In the debate over whether to stay abroad after graduation, the “pull” factors of life in a foreign country are high, but equally important are the “push” factors, or those things which discourage a young student from returning home. For Thuy, there is uncertainty about what her children could do if they were to come back to Vietnam, where the job market is not easy for fresh graduates and issues such as traffic congestion and environmental pollution pose challenges to daily life in urban Vietnam.

Photo via Sentinel and Enterprise.

Loan K. Vuong, who studies Food Marketing and Nutrition in Newcastle, in the United Kingdom, and also works as an interpreter, doesn’t plan on leaving once her studies are completed. Vuong’s father has insisted that she pursue a life outside of Vietnam after graduation, she says, as he wants her to live without daily concerns like pollution, traffic congestion and unsafe food.

Although the 20-year-old has been in Vietnam since last summer fulfilling her degree’s internship requirement, she’s now looking forward to the future, when she can go abroad again and explore the world. No plan to return to Vietnam again is in sight.
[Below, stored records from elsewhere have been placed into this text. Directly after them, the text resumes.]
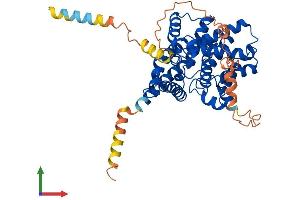 AlphaFold protein structure predicition of Mouse Recombinant Pde7a Protein, UniprotID P70453 (PDE7A Protein (AA 1-456) (His tag))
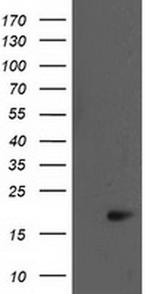 BIRC5/Survivin Antibody in Western Blot (WB)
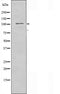 DF4425 staining NIH-3T3 cells by IF/ICC. The sample were fixed with PFA and permeabilized in 0.1% Triton X-100,then blocked in 10% serum for 45 minutes at 25¡ãC. The primary antibody was diluted at 1/200 and incubated with the sample for 1 hour at 37¡ãC. An  Alexa Fluor 594 conjugated goat anti-rabbit IgG (H+L) antibody(Cat.# S0006), diluted at 1/600, was used as secondary antibod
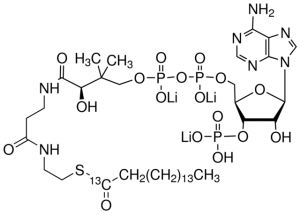 Palmitoyl-1-13C coenzyme A lithium salt 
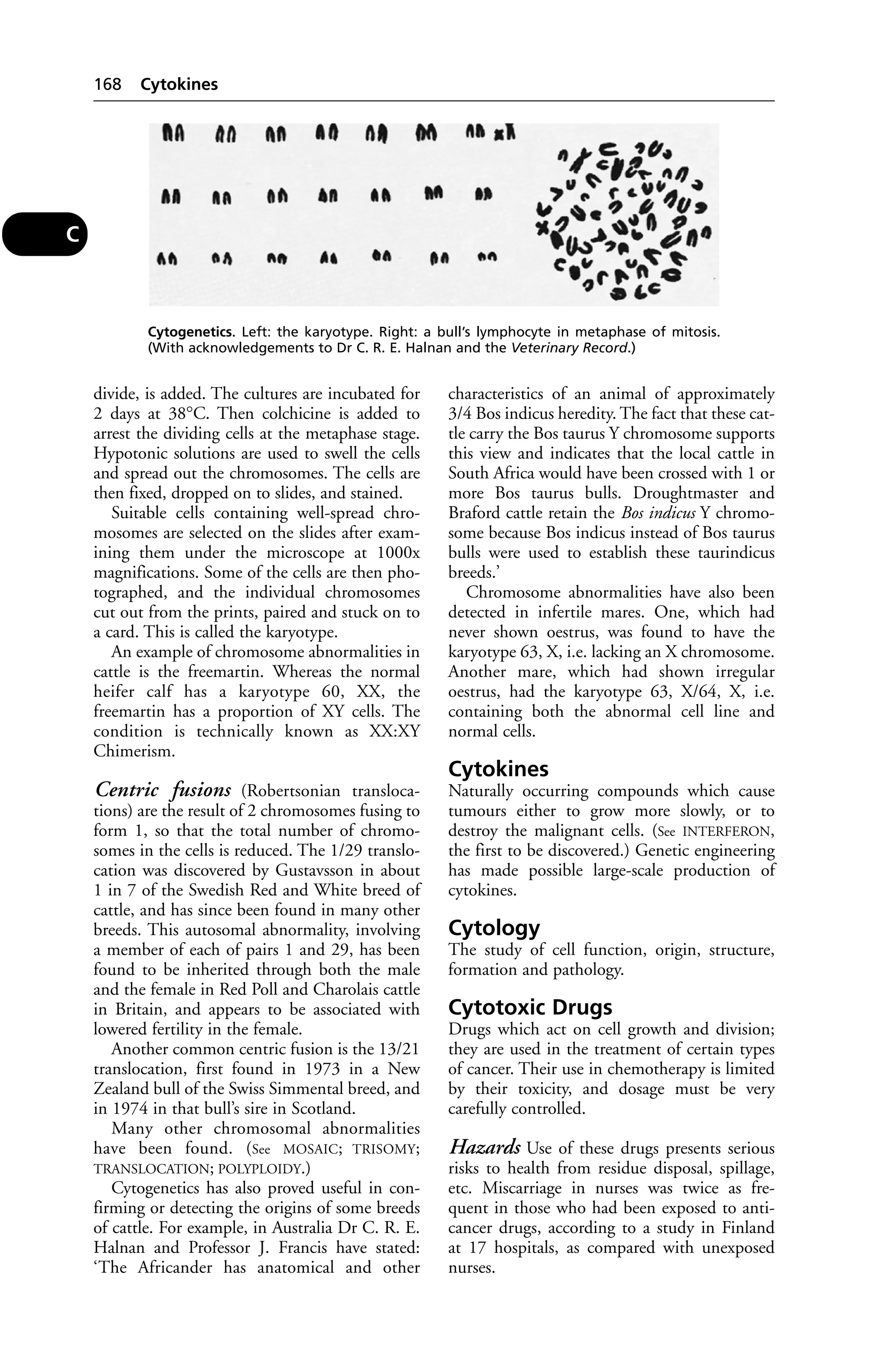 divide, is added. The cultures are incubated for 
2 days at 38°C. Then colchicine is added to 
arrest the dividing cells at the metaphase stage. 
Hypotonic solutions are used to swell the cells 
and spread out the chromosomes. The cells are 
then fixed, dropped on to slides, and stained. 
Suitable cells containing well-spread chro-mosomes 
are selected on the slides after exam-ining 
them under the microscope at 1000x 
magnifications. Some of the cells are then pho-tographed, 
and the individual chromosomes 
cut out from the prints, paired and stuck on to 
a card. This is called the karyotype. 
An example of chromosome abnormalities in 
cattle is the freemartin. Whereas the normal 
heifer calf has a karyotype 60, XX, the 
freemartin has a proportion of XY cells. The 
condition is technically known as XX:XY 
Chimerism. 
Centric fusions (Robertsonian transloca-tions) 
are the result of 2 chromosomes fusing to 
form 1, so that the total number of chromo-somes 
in the cells is reduced. The 1/29 translo-cation 
was discovered by Gustavsson in about 
1 in 7 of the Swedish Red and White breed of 
cattle, and has since been found in many other 
breeds. This autosomal abnormality, involving 
a member of each of pairs 1 and 29, has been 
found to be inherited through both the male 
and the female in Red Poll and Charolais cattle 
in Britain, and appears to be associated with 
lowered fertility in the female. 
Another common centric fusion is the 13/21 
translocation, first found in 1973 in a New 
Zealand bull of the Swiss Simmental breed, and 
in 1974 in that bull’s sire in Scotland. 
Many other chromosomal abnormalities 
have been found. (See MOSAIC; TRISOMY; 
TRANSLOCATION; POLYPLOIDY.) 
Cytogenetics has also proved useful in con-firming 
or detecting the origins of some breeds 
of cattle. For example, in Australia Dr C. R. E. 
Halnan and Professor J. Francis have stated: 
‘The Africander has anatomical and other 
characteristics of an animal of approximately 
3/4 Bos indicus heredity. The fact that these cat-tle 
carry the Bos taurus Y chromosome supports 
this view and indicates that the local cattle in 
South Africa would have been crossed with 1 or 
more Bos taurus bulls. Droughtmaster and 
Braford cattle retain the Bos indicus Y chromo-some 
because Bos indicus instead of Bos taurus 
bulls were used to establish these taurindicus 
breeds.’ 
Chromosome abnormalities have also been 
detected in infertile mares. One, which had 
never shown oestrus, was found to have the 
karyotype 63, X, i.e. lacking an X chromosome. 
Another mare, which had shown irregular 
oestrus, had the karyotype 63, X/64, X, i.e. 
containing both the abnormal cell line and 
normal cells. 
Cytokines 
Naturally occurring compounds which cause 
tumours either to grow more slowly, or to 
destroy the malignant cells. (See INTERFERON, 
the first to be discovered.) Genetic engineering 
has made possible large-scale production of 
cytokines. 
Cytology 
The study of cell function, origin, structure, 
formation and pathology. 
Cytotoxic Drugs 
Drugs which act on cell growth and division; 
they are used in the treatment of certain types 
of cancer. Their use in chemotherapy is limited 
by their toxicity, and dosage must be very 
carefully controlled. 
Hazards Use of these drugs presents serious 
risks to health from residue disposal, spillage, 
etc. Miscarriage in nurses was twice as fre-quent 
in those who had been exposed to anti-cancer 
drugs, according to a study in Finland 
at 17 hospitals, as compared with unexposed 
nurses. 
168 Cytokines 
C 
Cytogenetics. Left: the karyotype. Right: a bull’s lymphocyte in metaphase of mitosis. 
(With acknowledgements to Dr C. R. E. Halnan and the Veterinary Record.)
Vuong doesn’t hesitate to attribute this, at least in part, to the prospect of a low salary in Vietnam. Even though she acknowledges that living in the UK is much more expensive and she still feels a “barrier” between international students like herself and her British peers, Vuong considers her adopted country the better option.
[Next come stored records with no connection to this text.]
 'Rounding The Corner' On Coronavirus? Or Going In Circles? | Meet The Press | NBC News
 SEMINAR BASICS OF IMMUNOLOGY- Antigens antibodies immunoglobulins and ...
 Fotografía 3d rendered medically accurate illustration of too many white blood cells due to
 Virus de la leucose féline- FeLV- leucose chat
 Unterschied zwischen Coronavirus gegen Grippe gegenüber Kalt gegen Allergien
“It is very shallow to think that way,” Vuong tells me in Vietnamese, but says “shallow” in English. By studying food, Vuong knows a degree in her major would allow her to contribute to the betterment of Vietnam; however, she values her own personal development abroad and “gets bored of being a princess at home,” she explains. Time away from home has also afforded her a greater sense of independence, as Vuong says her parents are overprotective.

“Maybe I’ll change my mind when I get older and better understand what I really want,” Vuong says. As she prepares to return to the UK after a year back home, it will be yet another adventure when Vuong returns to her academic life and has to adapt once again.

As summer arrives, a new group of Vietnamese students is preparing for a new life in a foreign country, while another one is preparing to return to a new life in Vietnam. Both face opportunities and challenges. For those who have left and seen Vietnam through different eyes, the time will come when they must decide what they want: to stay abroad or return home.

*These names have been changed at the request of the interviewees.